Let's look at that Lancet quote again, shall we? "In particular, the claims in the original paper that children were 'consecutively referred' and that investigations were 'approved' by the local ethics committee have been proven to be false." Correct me if I'm wrong, but I believe there's a word for claims that people make which are then proven false— lies.

There are any number of words for the people who make them.

One more time, just so nobody misses the point here—Andrew Wakefield lied to you. He lied, and because of his lies, children are dead [8].

Paul Offit, M.D., chief of infectious diseases at Children's Hospital of Philadelphia, said: "This retraction by the Lancet came far too late. It's very easy to scare people; it's very hard to unscare them." [9]

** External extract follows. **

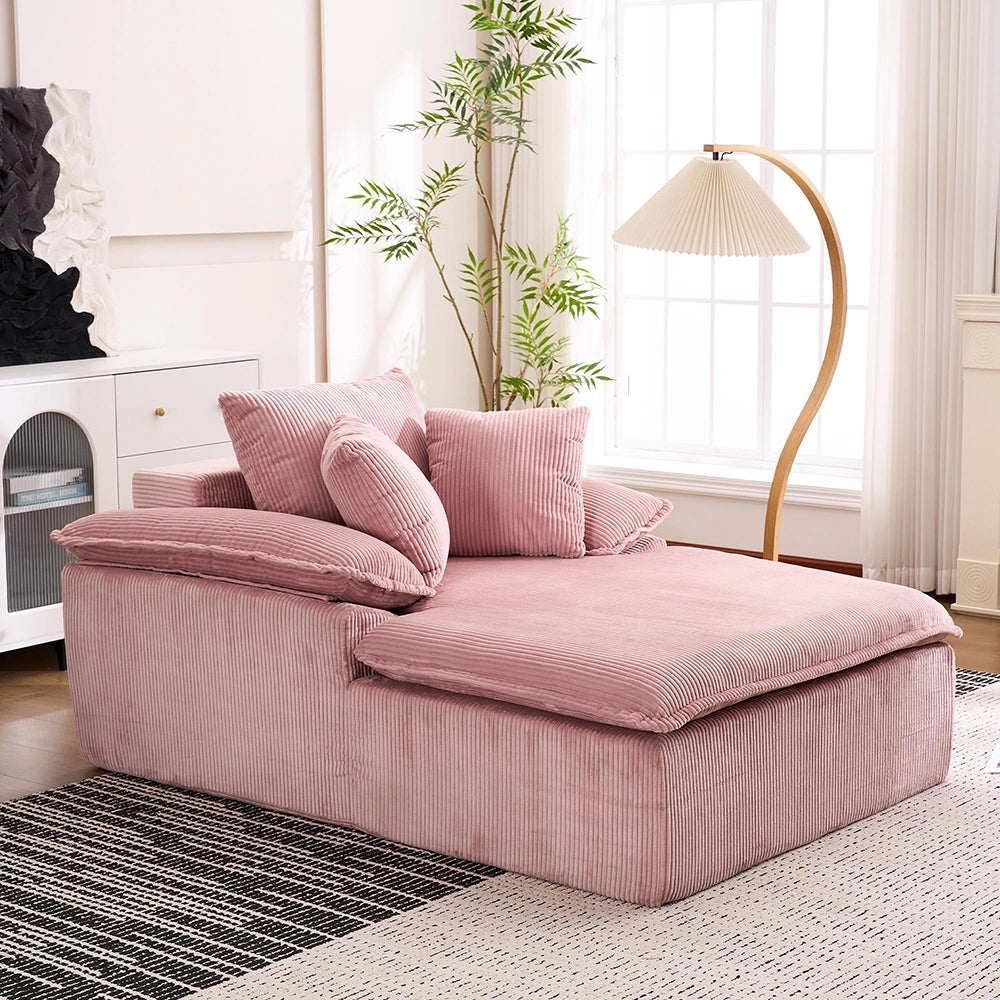 Divano inclinabile senza telaio - Xylo - 46 cm di altezza, design interno, comodo per la lettura, braccioli larghi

In May 2010, the GMC decided that Wakefield should be struck from the medical register [10]. Unless he appeals, he will be permanently banned from practicing medicine in the United Kingdom. Wakefield said he would appeal and issued a lengthy, convoluted book denying that that he did anything wrong. But Harriet Hall, M.D described the book this way:

In my opinion, the whole book is an embarrassing, tedious, puerile, and ultimately unsuccessful attempt at damage control. Wakefield has been thoroughly discredited in the scientific arena and he is reduced to seeking a second opinion from the public. Perhaps he thinks that the truth can be determined by a popularity contest. Perhaps he thinks the future will look back at him as a persecuted genius like Galileo or Semmelweis. Jenny McCarthy thinks so; I don't [11].

References

  1. Wakefield AJ and others. Ileal-lymphoid-nodular hyperplasia, non-specific colitis, and pervasive developmental disorder in children. Lancet 351:37-641, 1998.
  2. Fitness to Practice Panel Hearing. General Medical Council, Jan 28, 2010.
  3. Murch SH and others. Retraction of an interpretation. Lancet 363:750, 2004.
  4. Deer B. Revealed: The MMR research scandal. The Sunday Times (London), Feb 24, 2004.
  5. Autism and vaccines. Autism Science Foundation, accessed Feb 4, 2010.
  6. Buie G and others. Evaluation, diagnosis, and treatment of gastrointestinal disorders in individuals with ASDs: A consensus report. Pediatrics 125: S1-S18, 2010.
  7. Form 990. Thoughtful House Center for Children, 2008.
  8. Ellis T. Waking up from the Wakefield nightmare. The Huffington Post, Feb 3, 2010.
  9. Offit P. Quoted in Wang SS. Lancet Retracts Study Tying Vaccine to Autism. Wall Street Journal Online, Feb 3, 2010.
  10. Andrew Jeremy Wakefield: Determination on serious professional misconduct (SPM) and sanction. GMC, May 24, 2010.
  11. Hall H. Andrew Wakefield fights back. Science-Based Medicine Blog, May 28, 2010.

This article was revised on May 29, 2010.